BRUSSELS (Reuters) – The European Union is ready to deepen trade ties with Turkey but will maintain the threat of economic sanctions if Ankara moves against the bloc’s interests, according to a draft statement due to be agreed by EU leaders at a summit on Thursday.
The offer of closer economic links, mixed with threats, reflects the complex relationship between Turkey, an EU candidate, and the world’s largest trading bloc, which have drifted apart but are now seeking improved ties.
The draft, seen by Reuters and dated March 22, says EU leaders will “work on a mandate for the modernisation of the customs union”, referring to a 1995 EU-Turkey trade deal that could be expanded to include services, public procurement and farm goods.
The leaders’ summit will build on a report by EU foreign affairs chief Josep Borrell and the European Commission released on Tuesday that calls for “modernisation and expansion of the scope of the current EU-Turkey customs union”.
The leaders will also say at the summit, due to take place by video conference on Thursday and Friday, that Turkey deserves more financial support for hosting millions of Syrian refugees and more high-profile diplomatic contacts.
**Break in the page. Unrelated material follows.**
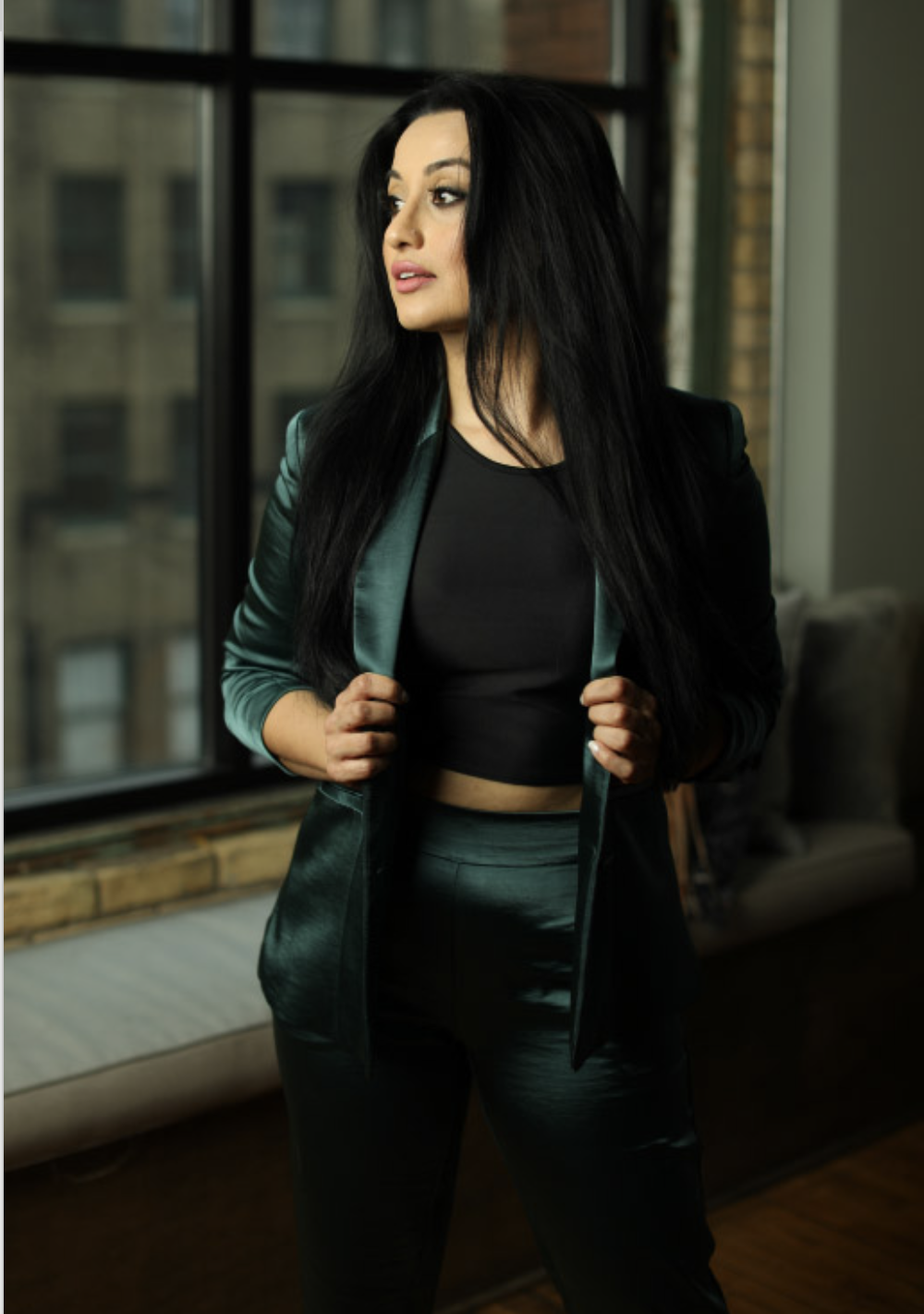 A woman with long black hair standing indoors near a window, wearing a shiny green blazer, a black crop top, and matching green pants.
The EU is expected to provide fresh funds from 2022 for the four million refugees that Turkey hosts, following some six billion euros ($7.13 billion) spent over the past four years.
But such progress would only be possible if Turkey respected human rights and showed greater flexibility over the divided island of Cyprus and energy exploration in disputed waters in the eastern Mediterranean.
Leaders will also threaten sanctions in the event of “renewed provocations or unilateral actions in breach of international law”, according to the draft statement.
In December EU leaders had proposed asset freezes and travel bans over Turkey’s “unauthorised drilling activities” for natural gas in the eastern Mediterranean.
But a more constructive tone from Turkish President Tayyip Erdogan this year prompted the EU to halt work on those sanctions.
The EU report said a sliding scale of sanctions, to be used only as leverage, could include punitive measures on individuals, moving up towards important sectors such as energy and tourism.
Targeting tourism, which accounts for up to 12% of the Turkish economy, appeared to be a new threat from Brussels, which has decried Erdogan’s increasingly authoritarian rule. Turkey’s EU membership talks are frozen.